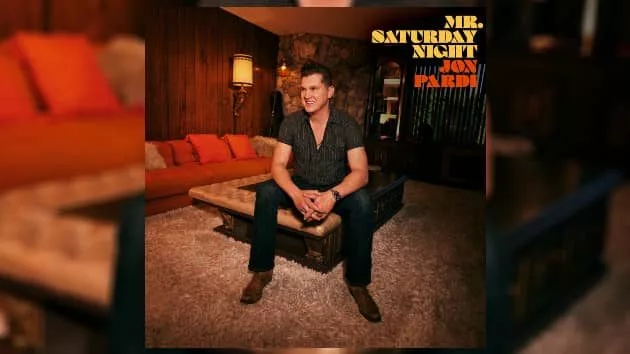 m_jonpardimrsaturdaynight274039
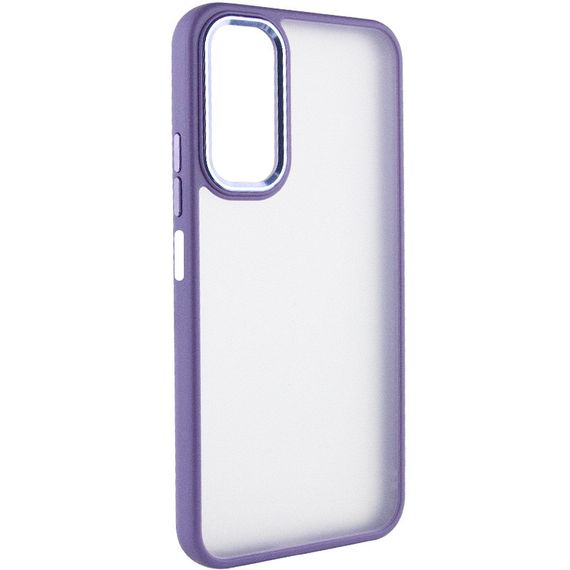 Чохол TPU+PC North Guard для Samsung Galaxy A05s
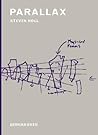 Parallax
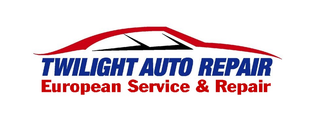 Logo | Twilight Auto Repair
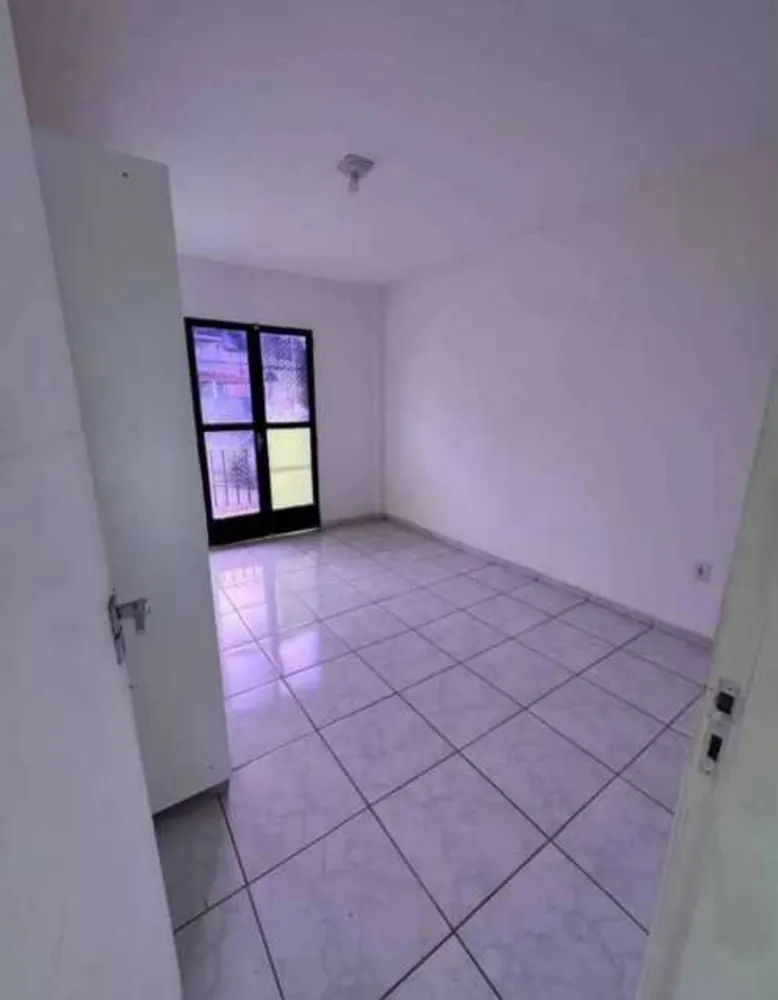 Apartamento, 2 quartos, 66 m² - Foto 3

**EXERCISE PROMPT**
Output the full listing above exactly, excluding all pictures.

**RESPONSE TO THIS TASK**
 m_jonpardimrsaturdaynight274039
 Чохол TPU+PC North Guard для Samsung Galaxy A05s
 Parallax
 Logo | Twilight Auto Repair
 Apartamento, 2 quartos, 66 m² - Foto 3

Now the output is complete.